Ganong et Coleman, des chercheurs très connus pour leurs travaux sur la recomposition familiale, notent que la société a habituellement deux façons de voir la famille recomposée. Soit elle l’ignore compte tenu du fait qu’elle est absente des lois et des politiques sociales, et que les institutions en font peu de cas (comme l’École ou l’Église), soit elle la trouve moins fonctionnelle et plus problématique que la famille intacte. Dans cette perspective, les membres de la famille recomposée possèdent des caractéristiques qui sont négatives, pour la plupart, et leurs interactions apparaissent moins agréables que celles d’une famille intacte. Selon les auteurs, ces deux points de vue entraînent une vision idéalisée de la famille intacte en même temps qu’un frein à l’établissement de modèles différents et sains pour la famille recomposée.

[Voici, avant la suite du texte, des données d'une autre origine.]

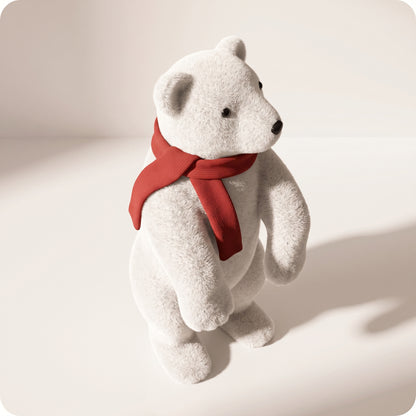 Elegante oso polar blanco con bufanda roja parado 2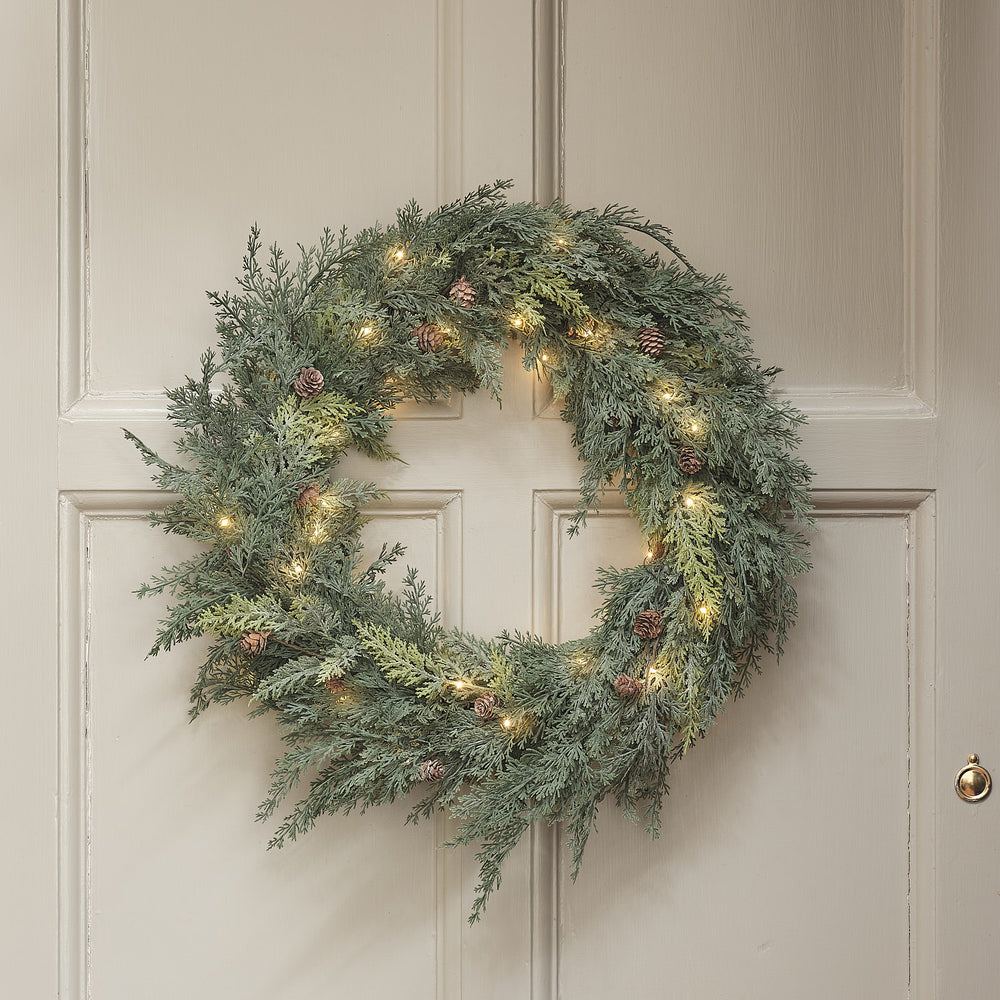 60cm Pre Lit Christmas Conifer & Pinecone Outdoor Wreath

Comme les recompositions familiales d’aujourd’hui interviennent généralement après une séparation parentale plutôt qu’un veuvage, les enfants qui en font partie peuvent être perçus en fonction de cette caractéristique. Le fait d’avoir connu la séparation de leurs parents est associé à une représentation négative que Coltrane et Adams associent au « modèle de l’enfant du divorce ». Il s’agit en quelque sorte d’un script de la vie des enfants dont les parents sont séparés dans lequel on conçoit que tout ce qui leur arrive de négatif est attribuable à cette séparation, sans chercher à examiner d’autres hypothèses. Que ce script relève de la fiction ou de la réalité, ou encore qu’il serve les intérêts des groupes qui luttent contre la séparation conjugale, il n’en a pas moins des impacts sur l’image que se font les individus de leur vie et peut devenir le point central de la manière dont ils racontent leur histoire personnelle. Toujours selon Coltrane et Adams, ce script amplifie la gêne et la culpabilité des parents qui vivent la recomposition de leur famille, ce qui affecte leurs habiletés parentales.
Heureusement qu’avec le temps, le travail de plusieurs intervenants dans la société et l’augmentation du nombre de personnes qui ont vécu une recomposition familiale, les mentalités ont évolué. On remarque, en effet, que le fait de vivre en famille recomposée ou de côtoyer ces familles tend à diminuer l’entretien d’images stéréotypées à son égard. Ainsi, lorsqu’on a sondé l’opinion des Québécois en 2013 au sujet de la famille recomposée, trois personnes sur quatre ont affirmé être d’accord pour dire que les enfants qui grandissent dans ce type de famille ont autant de chances de bien se développer et d’être heureux que ceux qui grandissent dans une famille intacte. Cette proportion est encore plus élevée lorsque la personne sondée a déjà vécu en famille monoparentale ou recomposée.